Glenn Howells, Glenn Howells Architects
"Freeform, organic and creative" is how Glenn Howells describes their approach to architecture.

"Culturally we're very different - we work very well when we stumble upon the looser connections."

It's clearly an approach that's been working - Glenn Howells Architects is 20 years old employing over 100 people across two offices in Birmingham and London.

"Our approach is to think of design as being positively bi-polar - simultaneously thinking of the micro and the macro to reach structures that are very rich. By considering the components of any design very early we're able to come up with organic designs where small elements can inform the larger form.

"We don't pursue the idea of having a masterstroke for the shape of a building that informs the inside. We start thinking smaller and allow a larger shape to come out of this. 'Form out of process' is the key.
"We're also very interested in what makes up the component materials - whether these are wood, plastic, concrete or anything else. Understanding our materials is very important to us. Otherwise we are in danger of losing the authentic elements of strong language going through the buildings.

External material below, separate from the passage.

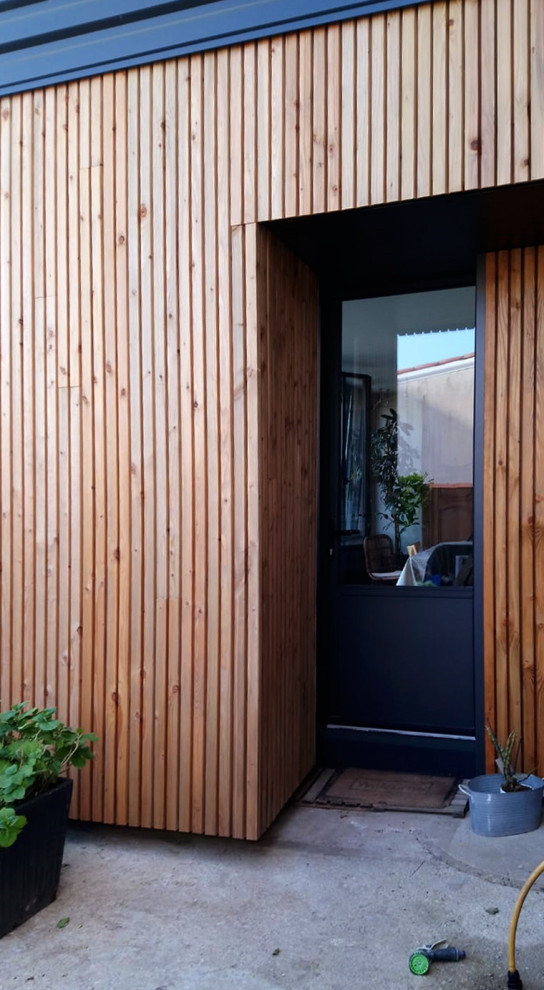 Medium sized and black contemporary two floor terraced house in Nantes with wood cladding, a butterfly roof, a tiled roof, a red roof and shiplap cladding.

"We've never really done landmark signature buildings....few of these buildings are part of the bigger picture and we don't work in isolation. A dimension that is often not mentioned in an architectural design brief is 'time' - perhaps we can be building for 200-300 years hence and most buildings should be multi-valent, that is making connections so they can be used in different ways. For example our own building here, it's not that beautiful from the exterior but it has huge flexibility of use.

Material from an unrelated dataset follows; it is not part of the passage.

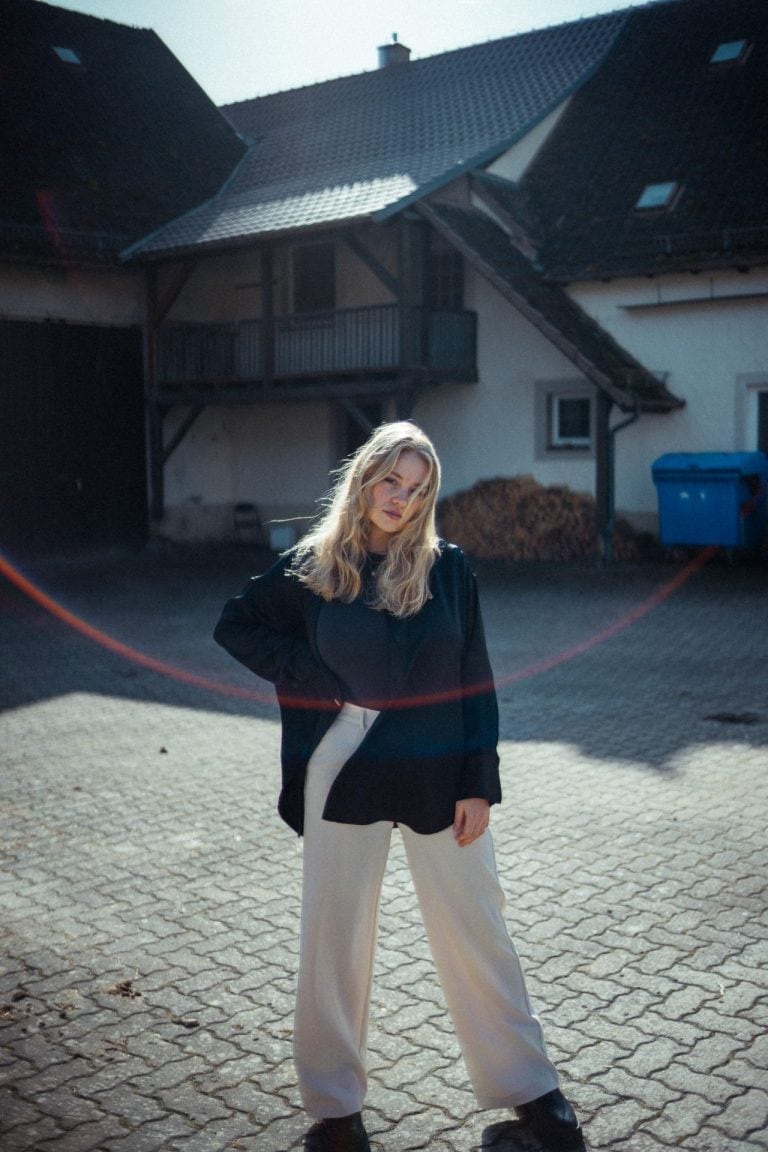 Eine junge Frau mit blondem Haar steht in einem schwarzen Hemd und heller Hose vor einem alten Bauernhaus auf einem gepflasterten Innenhof.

"If we keep doing what we have been doing here in Birmingham: building and then de-constructing to build again then we will end up with something very ragged, with nothing left that is 'stuck together'.

"However I am encouraged that we are slowly turning towards a longer term, evolutionary process rather than the former revolutionary one. The Birmingham Big City Plan is a very different document to what we had before, because if we strip it back to the essentials it is underpinned by

1) Accretions of buildings over many years
2) How we move around this city in the future as pedestrians and cyclists - and not as a motorcar

"This is a huge change in direction for the officers and elected members not to feel the pressure to do everything in 5 years and that it is not all about big buildings.

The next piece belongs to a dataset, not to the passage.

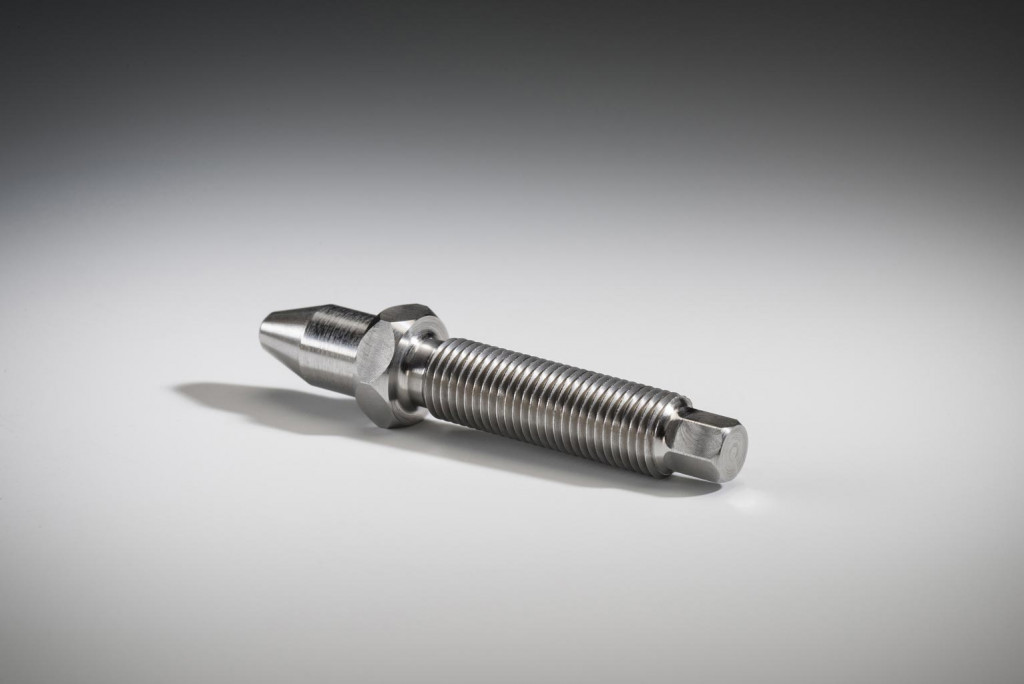 Threaded precision machined part with hex end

Eleven Brindley Place, Glenn Howells Architects
"For me the key issue for cities is how to get 1+1 = 3; it is not about landmark buildings, but about landmark cities.

"Looking forward two generations wouldn't it be great if Birmingham had been 'glued together' and we had managed to leave behind some things which actually joined up and made sense.

"We have the largest local authority in Europe and so we have the capacity to do this, perhaps unlike London where people forget there are 32 boroughs operating.

Birmingham has a huge opportunity to get it right. We need patience and ambition to see that it does come together. However there is, here and now, the chance to be able to contribute to something greater by working with a longer time horizon.

Glenn Howells is a Visiting Professor at Nottingham Trent University and an External Examiner at Sheffield Hallam and in giving lectures he has realised his interest in trying to provide a context for architecture students today. "I have been trying to say to them, you are not here to do something which is a remarkable building and 'all about me'. I believe that if we went back to 1962, for example, architecture might have been about 'how do we make life better?'

"We have lost the skill to do excellent ordinary buildings and yet most of any city is about this, as is most of life."

Of course over 20 years the Glenn Howells practice has accumulated some prestigious projects to its credit from the early competition wins such as the Custard Factory in Birmingham, Courtyard Arts Centre in Hereford to the Dream Factory in Warwick, The Market Place, Armagh, the Rotunda refurb and Eleven Brindleyplace in Birmingham as well as Lime Street Gateway Liverpool, Timber Wharf Manchester, the Savill Building, Windsor Great Park and 55 Degrees Time, Dubai.

Gloucestershire Gateway Services Area, Glenn Howells Architects

One of the company's smaller but striking projects is the Stroud Motorway Service Area which has been designed and managed by a father and daughter team (Westmorland) with two such projects already under their belt. Their concerns are for the whole integrated approach, combining craft skills and the most contemporary sustainable technologies, echoes a theme running through the core of Glenn Howells Architects. Their aim being to fuse the best from the old with the best of the new, for example by working with designers such as Gordon Crowley, a roof manufacturer inventing timber connection systems, crafting his timber with inordinate care and skill in Lincoln.

The Savill Building Windsor Great Park
"Most of our projects are all to do with collaboration. We don't have a 'guru' approach... but a common set of principles which anyone can plug into. Within the practice there is no hierarchy in terms of who can have ideas.

The Savill Building, Glenn Howell Architects
To illustrate this Glenn points out that the Savill Building was "borrowed from 3 other designers...we took our client to see them and made no secret of this.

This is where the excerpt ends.